● **EXERCISE BRIEF**:
Copy every line of the listing exactly.
Top of GIVEN INFORMATION
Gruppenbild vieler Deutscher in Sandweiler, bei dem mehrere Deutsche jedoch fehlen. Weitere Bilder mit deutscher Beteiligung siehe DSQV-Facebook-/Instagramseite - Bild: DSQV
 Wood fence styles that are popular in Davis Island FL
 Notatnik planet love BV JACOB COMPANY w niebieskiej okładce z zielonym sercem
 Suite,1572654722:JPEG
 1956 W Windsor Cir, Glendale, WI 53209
Bottom of GIVEN INFORMATION
● **TASK ANSWER**:
Gruppenbild vieler Deutscher in Sandweiler, bei dem mehrere Deutsche jedoch fehlen. Weitere Bilder mit deutscher Beteiligung siehe DSQV-Facebook-/Instagramseite - Bild: DSQV
 Wood fence styles that are popular in Davis Island FL
 Notatnik planet love BV JACOB COMPANY w niebieskiej okładce z zielonym sercem
 Suite,1572654722:JPEG
 1956 W Windsor Cir, Glendale, WI 53209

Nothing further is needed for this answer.